Précédé par M. Hamadi Jebali, chef du Gouvernement, qui s’est adressé aux tunisiens à la veille de la fête de l’indépendance, le président de
la République Moncef Marzouki a eu le temps de peaufiner son discours et à réussir là où Jebali a échoué.
Hamadi Jebali a certes rassuré les tunisiens au sujet du renforcement du régime républicain démocratique et des symboles nationaux qui, dit-il, devraient être hissés au dessus des conflits et des rivalités partisanes ou idéologiques, cependant le chef du Gouvernement a sorti un discours axé sur la révolution et les défis qui nous attendent.

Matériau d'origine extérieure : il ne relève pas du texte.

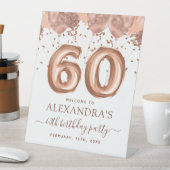 Signe De Table Ballons d'or rose 60e fête d'anniversaire (In SItu)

Un discours hors sujet à en croire certains commentateurs qui trouvent que Jebali a amalgamé fête de l’indépendance et Révolution et qui considèrent que ce dernier a commis une faute grave en omettant de prononcer le nom d’un des symboles de l’indépendance à savoir feu Habib Bourguiba.
Contrairement à Jebali, Moncef Marzouki a tenu un discours fédérateur en appelant, à plusieurs reprises, à l’unité pour préserver un Etat civil fondé sur le pluralisme et le respect mutuel.
« La Nation ne peut se construire d’une seule couleur ni d’une seule matière, elle est diverse et plurielle par essence », a-t-il indiqué, arguant qu’il s’agit là d’une « preuve de richesse et un facteur de complémentarité et non de division ».
Le Président de la République a également souligné l’importance d’une « véritable réconciliation » entre les tunisiens, tout en rappelant que la concrétisation de ces ambitions ne peut se faire que dans le cadre d’une unité nationale.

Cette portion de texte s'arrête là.